# Sanko/World-Wide-Shipping



## Dimples82 (Aug 24, 2014)

You guys are fantastic, having helped me in the past, I was wondering if you can do it again ).
Has anyone a picture of a Large OBO (about 500,000 tons) named World Guard/6ZKX, she was on charter to Sanko but was owned by World-Wide-Shipping and Liberian registry.


----------



## Andrew Price (Aug 9, 2005)

SANKO had a small fleet of 160,000 dwt OBO's, of various names, that were built in Japan.

Names included the WORLD GUARD, ELENI P, and the EASTERN SPIRIT which I sailed on until it was transferred to the SANKO Japaneses-crewed fleet in Nagasaki c. 1984.

There is a link at maritime-connector to the WORLD GUARD which includes details and a b&w photo in SANKO LINE Livery.

Regards

Andy PRICE


----------



## Dimples82 (Aug 24, 2014)

*OBO World Guard*

Andy,

Thanks for input, every bit of info helps.

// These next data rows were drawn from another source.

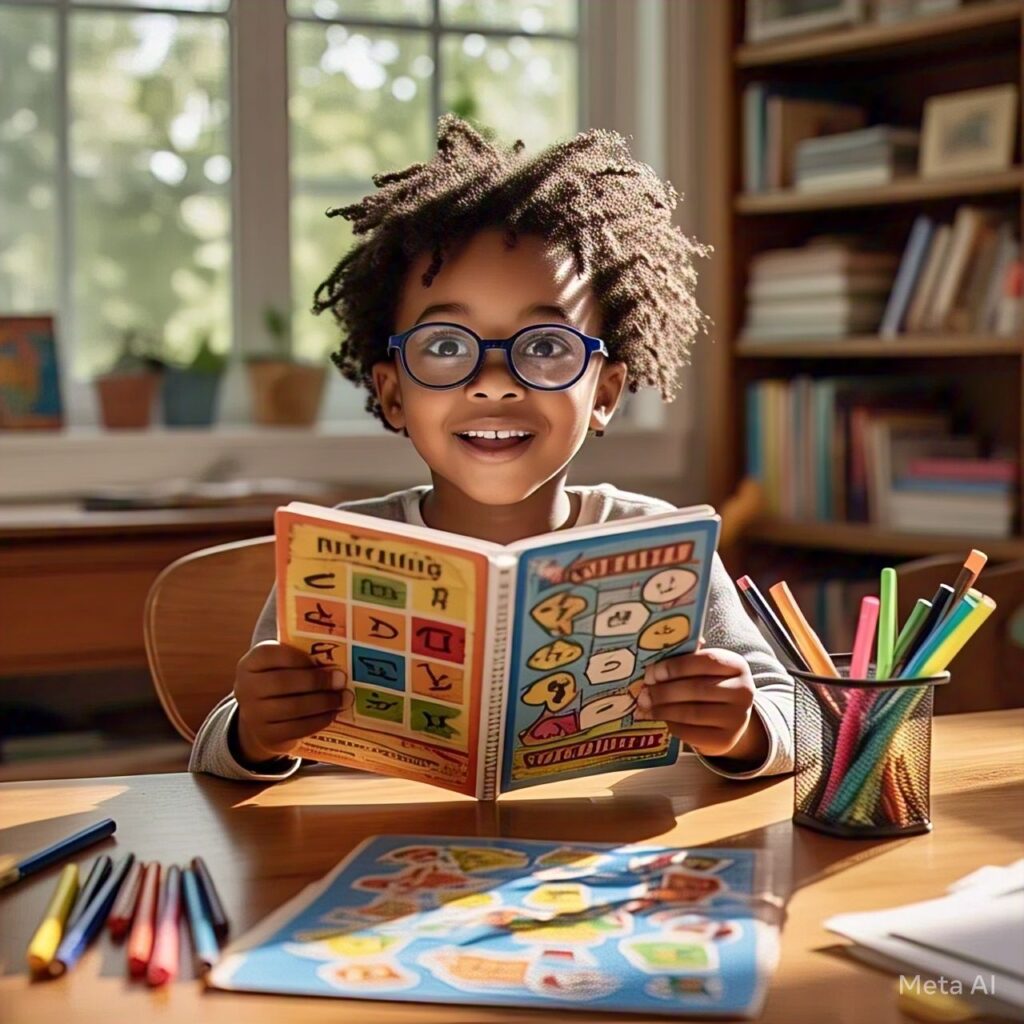 Teka-Teki Rima: Meningkatkan Kemampuan Berbahasa Lewat Permainan Kata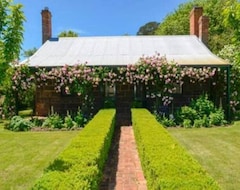 Cijela kuća/apartman Mt Mitchell Cottage - Romantic Country Retreat (Clunes, Australija)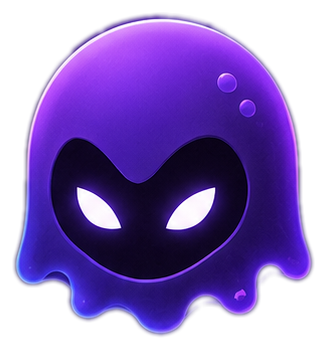 Mascote Hauntr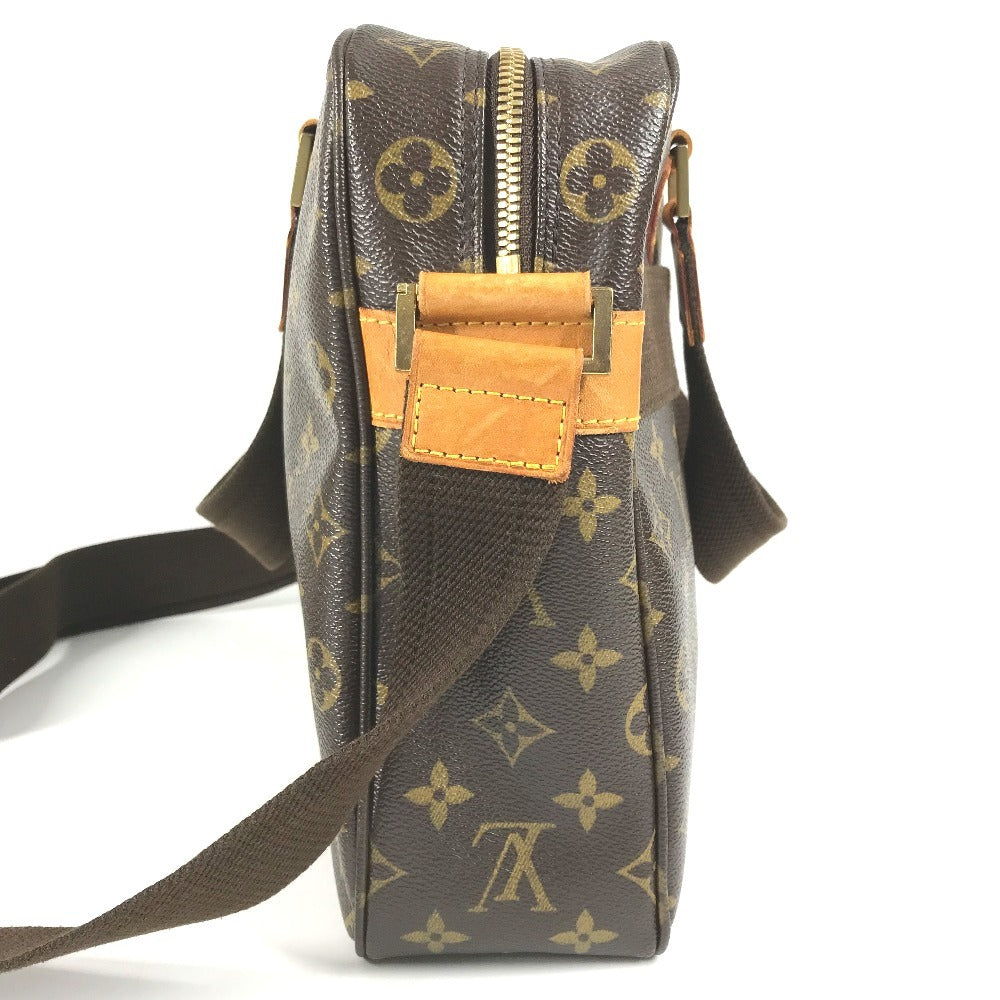 LOUIS VUITTON Business bag M40043 Monogram canvas Brown Monogram Sac Bosphore
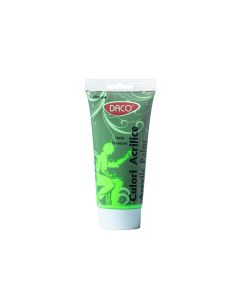 Culori acril 200 ml fluorescent DACO
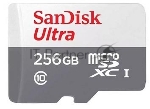 Флеш карта MICRO SDXC 256Gb UHS-I SDSQUNR-256G-GN3MN SANDISK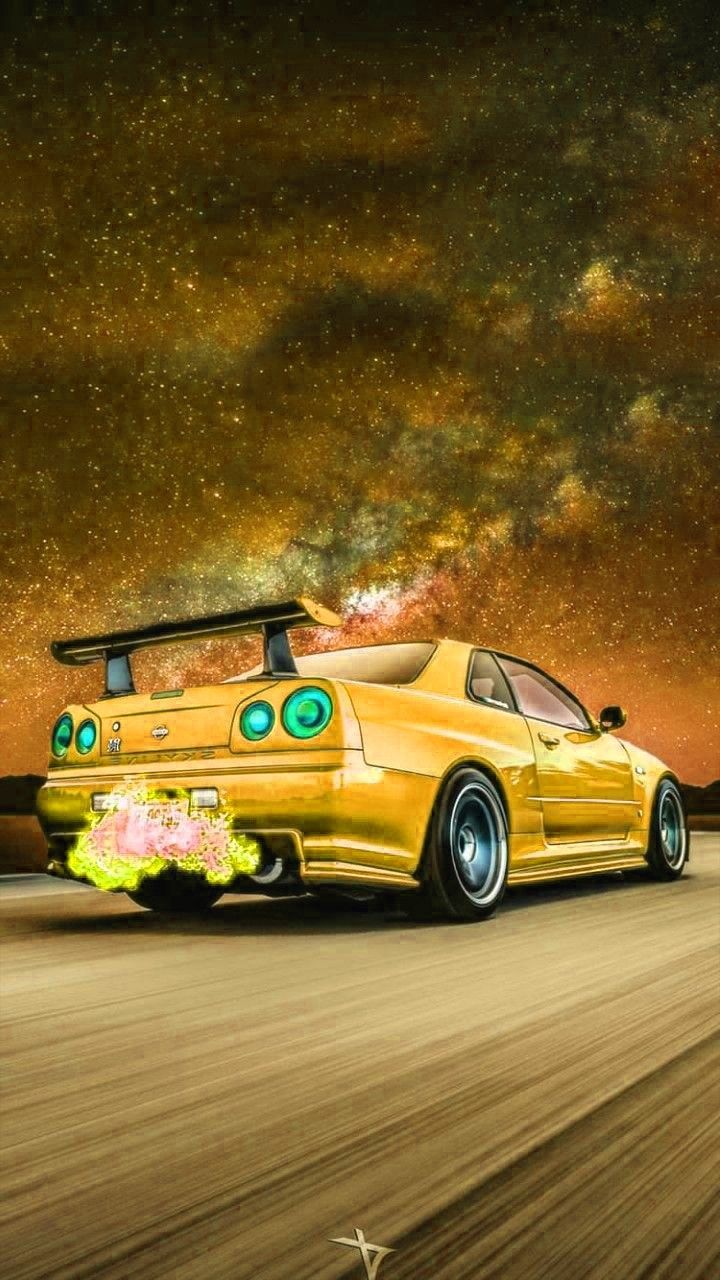720x1280 JDM Mobile Wallpaper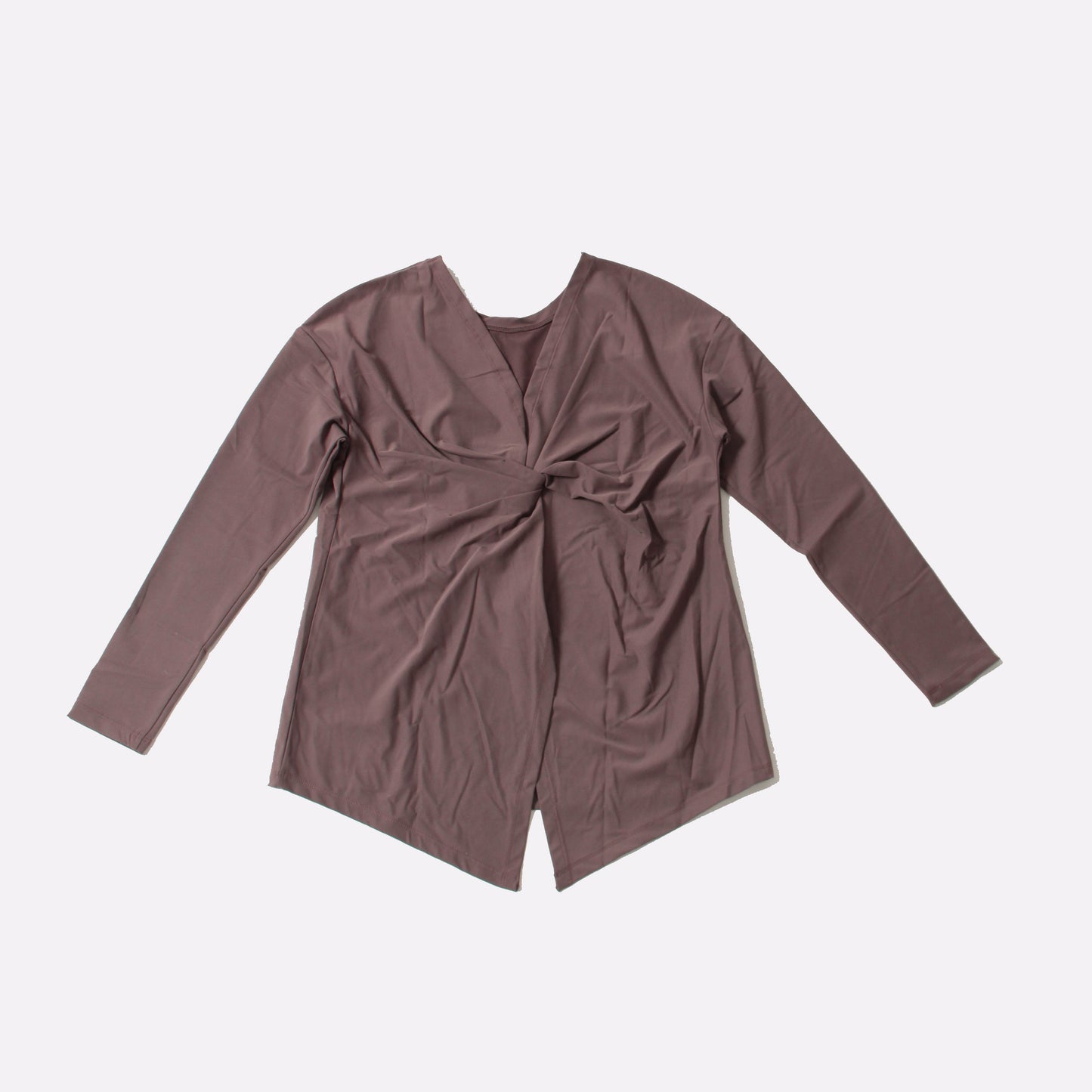 カルビコ2WAYプルオーバー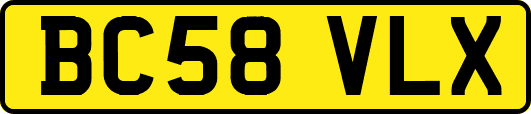 BC58VLX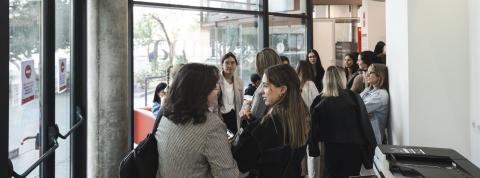 U4IMPACT ON CAMPUS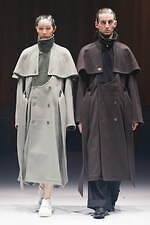 ナノアット 2023-24年秋冬コレクション - 対比で導く、洋服の真の価値｜写真68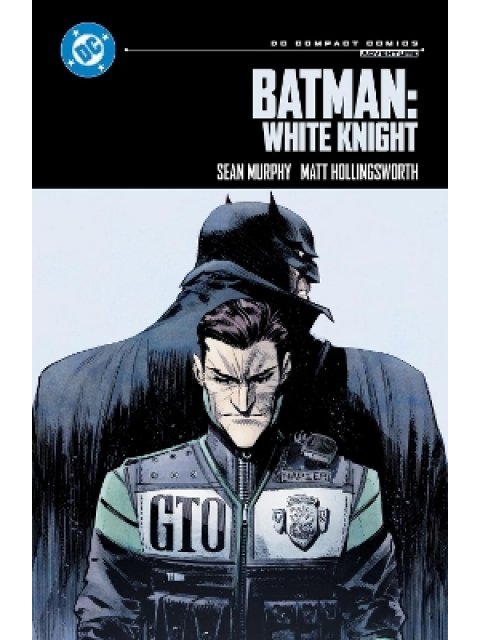 DC Compact Comics Edition: Batman: White Knight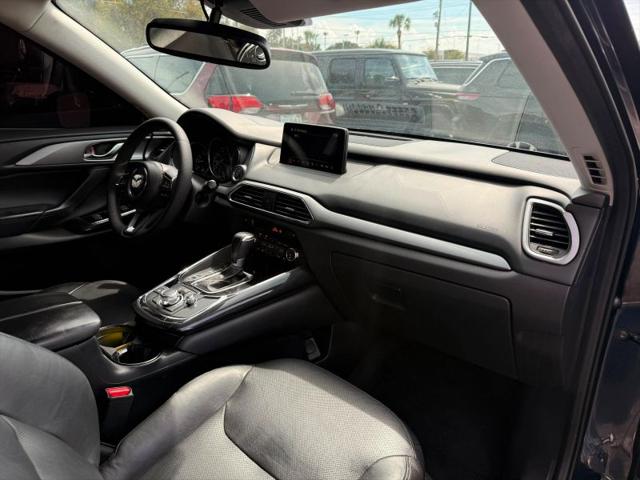 2018 Mazda CX-9 Touring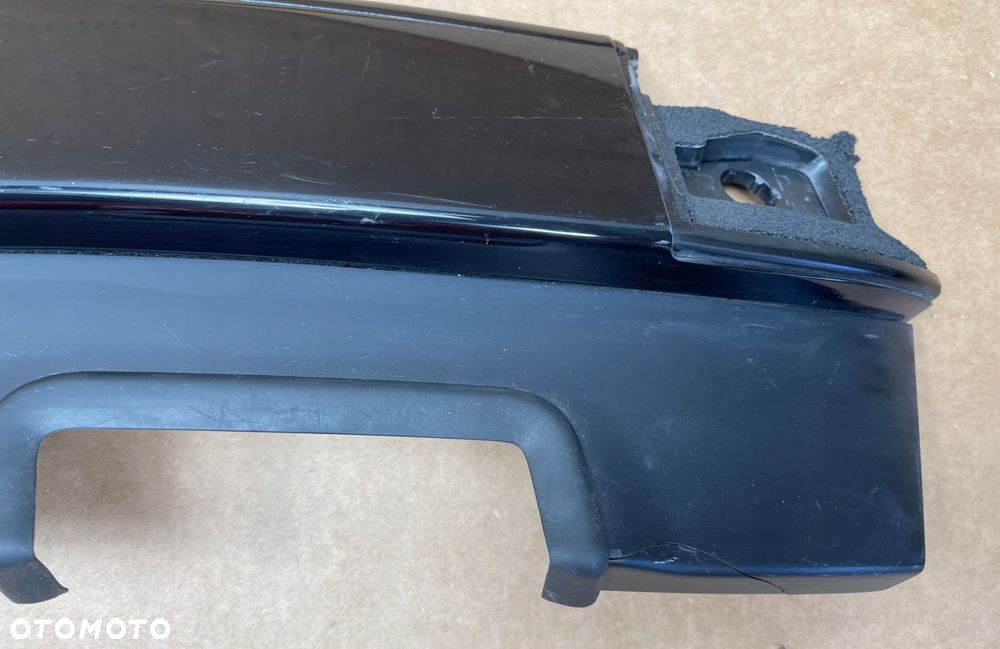 AUDI R8 SPYDER LISTWA BLENDA GÓRNA SZYBY CZOŁOWEJ 4S7853829B - 10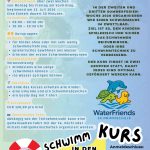 Schwimmkurs für Kinder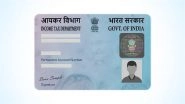 How To Update PAN Card Details Online? Check Step-By-Step Guide To Change Name, Address And Mobile Number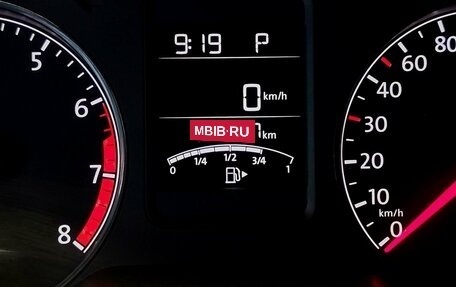 Volkswagen Polo VI (EU Market), 2018 год, 1 183 000 рублей, 16 фотография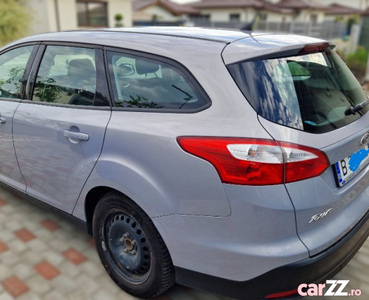 Ford Focus 2012 TDCI prim proprietar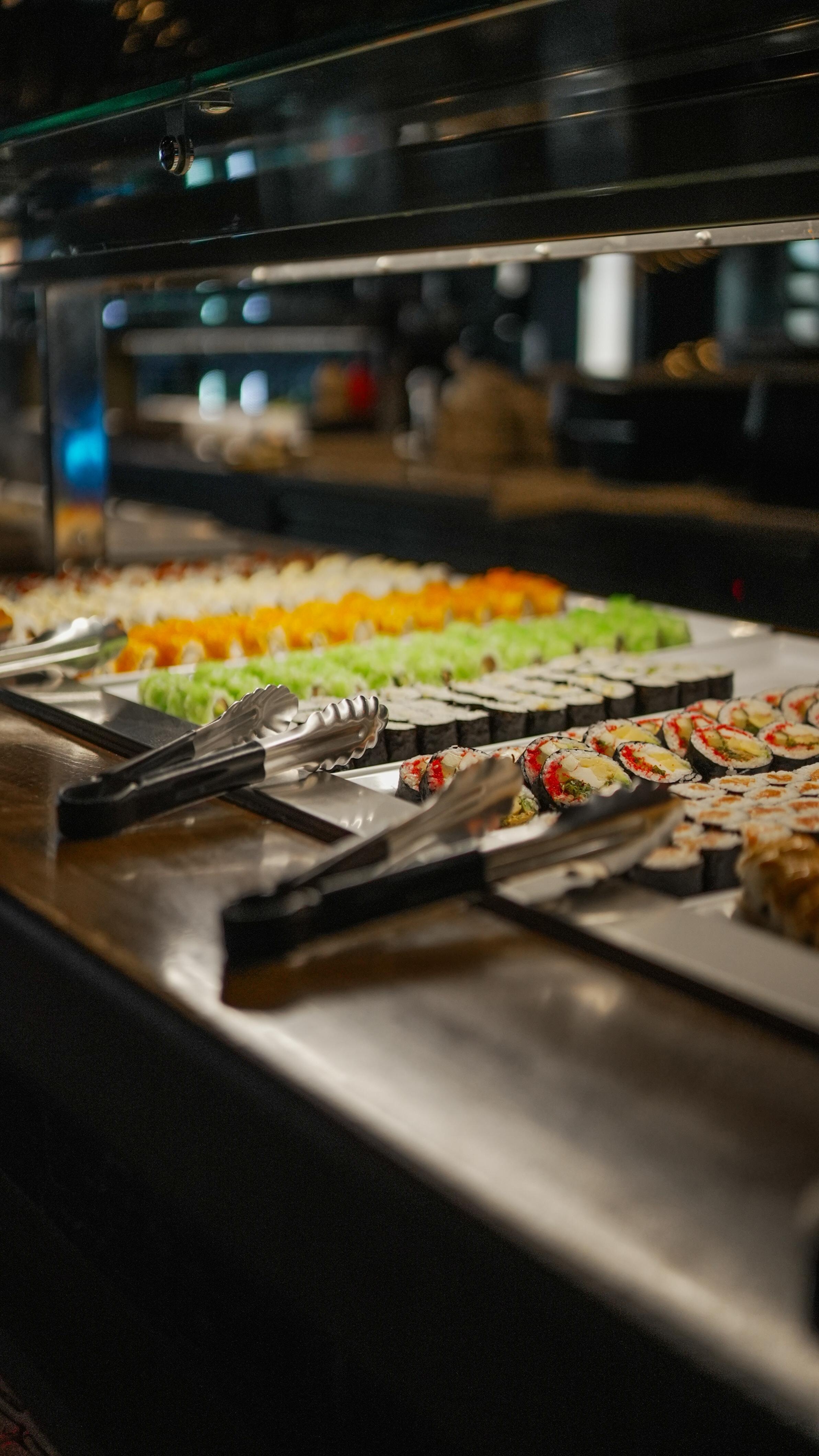 Korean BBQ restaurant in Utrecht, grillen aan tafel bij Bapsang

Out of curiosity was Sanko's "First Venture" part of the same class ?

I also was with Sanko (as an R/O) in World Guard during 1978.

Best Regards


----------



## Andrew Price (Aug 9, 2005)

The name rings a faint bell (I was with SANKO between 1979 and 1984) mainly on tankers.

I have checked my records and there appears in the Oct. 1980 Edition of LLOYDS LIST a single record for a 1968 built, Liberian Flagged, 94,000 dwt. O/O named *FIRST VENTURE* that had just left Hamburg.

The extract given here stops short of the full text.